Exercise description. Your answer must be the full listing, reproduced exactly, minus any pictures.

Raw data.
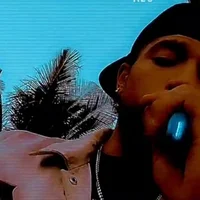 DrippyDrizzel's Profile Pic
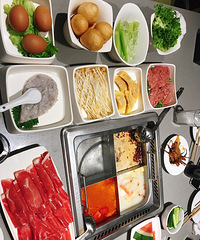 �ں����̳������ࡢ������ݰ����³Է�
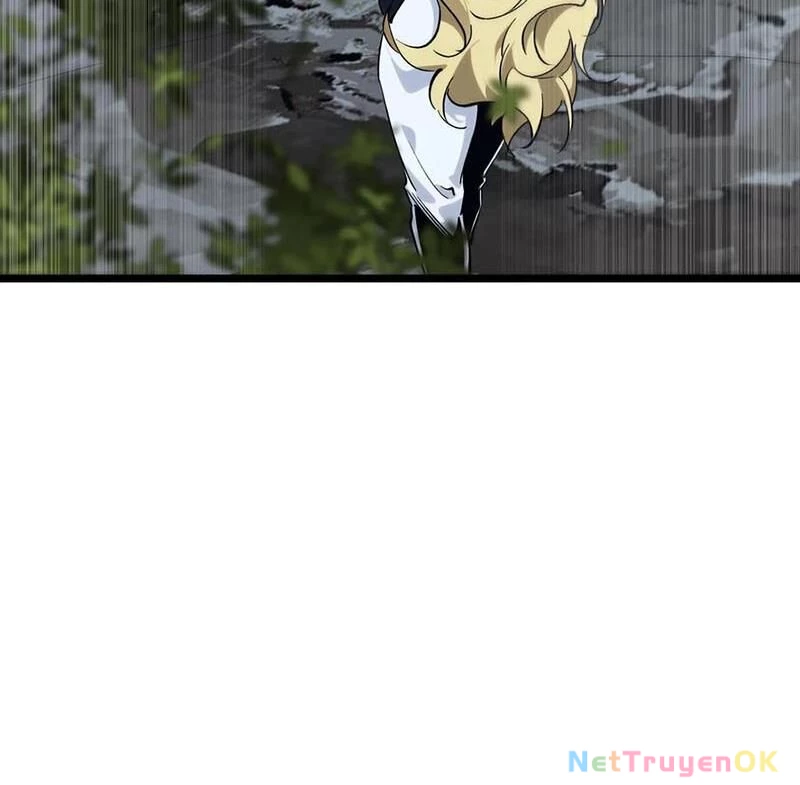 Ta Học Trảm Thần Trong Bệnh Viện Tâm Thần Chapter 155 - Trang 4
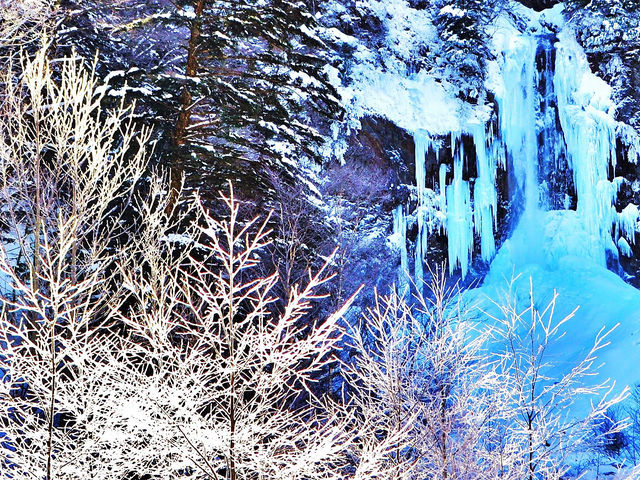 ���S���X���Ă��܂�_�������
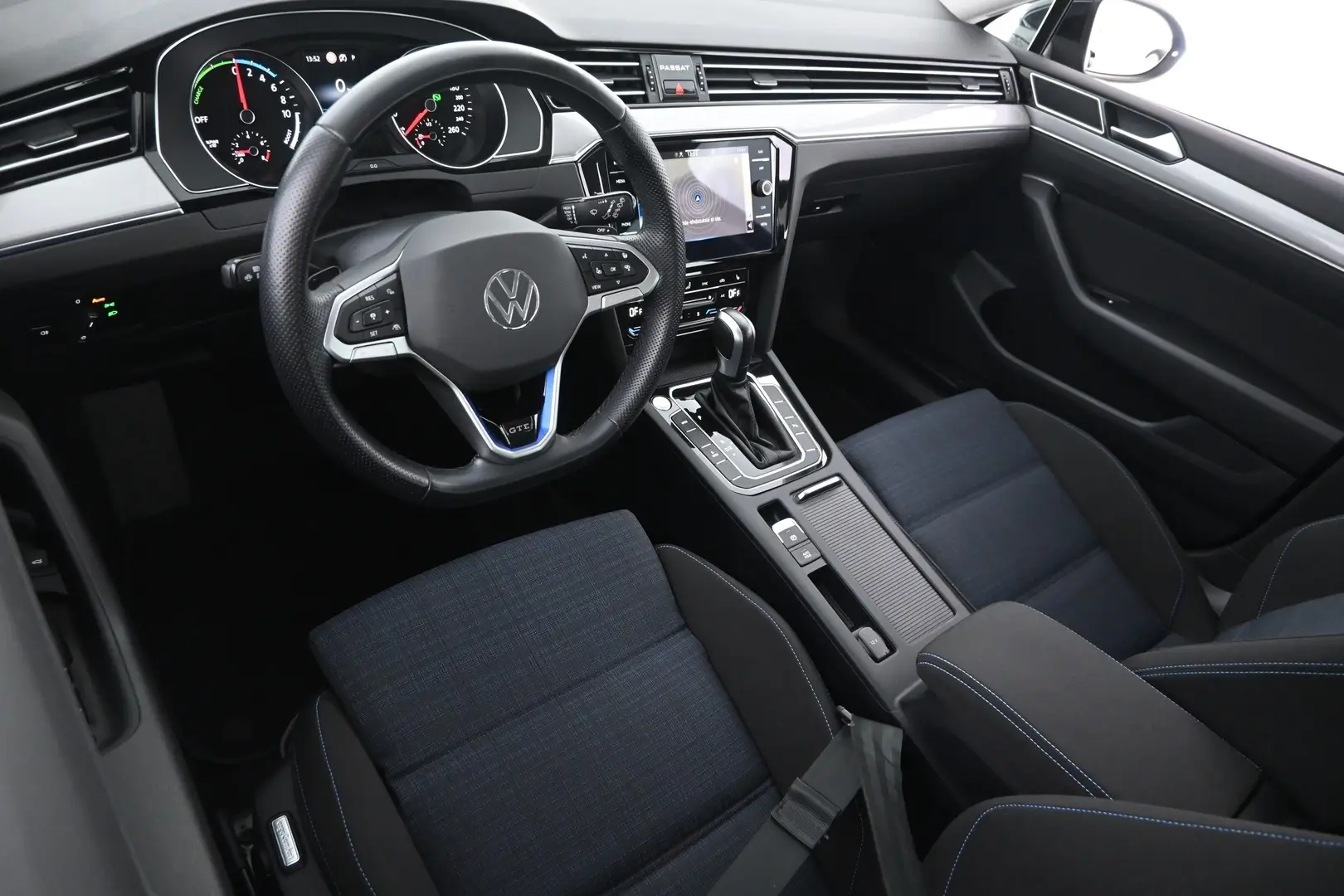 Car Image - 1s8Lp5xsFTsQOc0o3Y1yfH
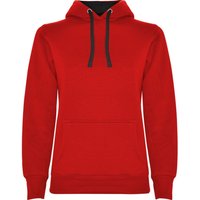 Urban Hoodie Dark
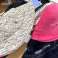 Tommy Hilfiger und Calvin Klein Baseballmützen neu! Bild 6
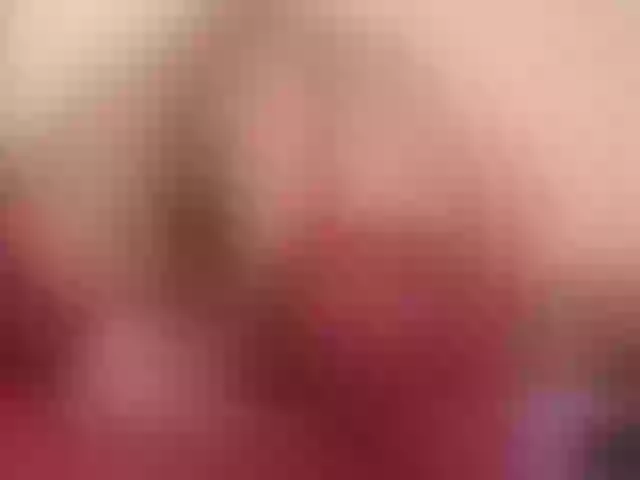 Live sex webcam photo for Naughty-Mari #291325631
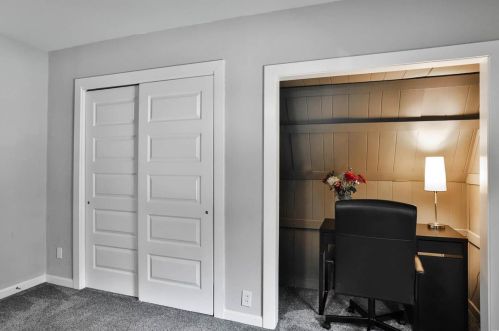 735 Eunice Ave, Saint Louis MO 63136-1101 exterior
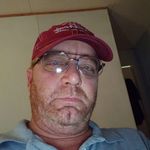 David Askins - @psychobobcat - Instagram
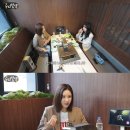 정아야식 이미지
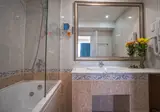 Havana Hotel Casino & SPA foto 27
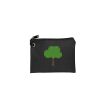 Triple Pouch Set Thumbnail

Result of this task.
 DrippyDrizzel's Profile Pic
 �ں����̳������ࡢ������ݰ����³Է�
 Ta Học Trảm Thần Trong Bệnh Viện Tâm Thần Chapter 155 - Trang 4
 ���S���X���Ă��܂�_�������
 Car Image - 1s8Lp5xsFTsQOc0o3Y1yfH
 Urban Hoodie Dark
 Tommy Hilfiger und Calvin Klein Baseballmützen neu! Bild 6
 Live sex webcam photo for Naughty-Mari #291325631
 735 Eunice Ave, Saint Louis MO 63136-1101 exterior
 David Askins - @psychobobcat - Instagram
 정아야식 이미지
 Havana Hotel Casino & SPA foto 27
 Triple Pouch Set Thumbnail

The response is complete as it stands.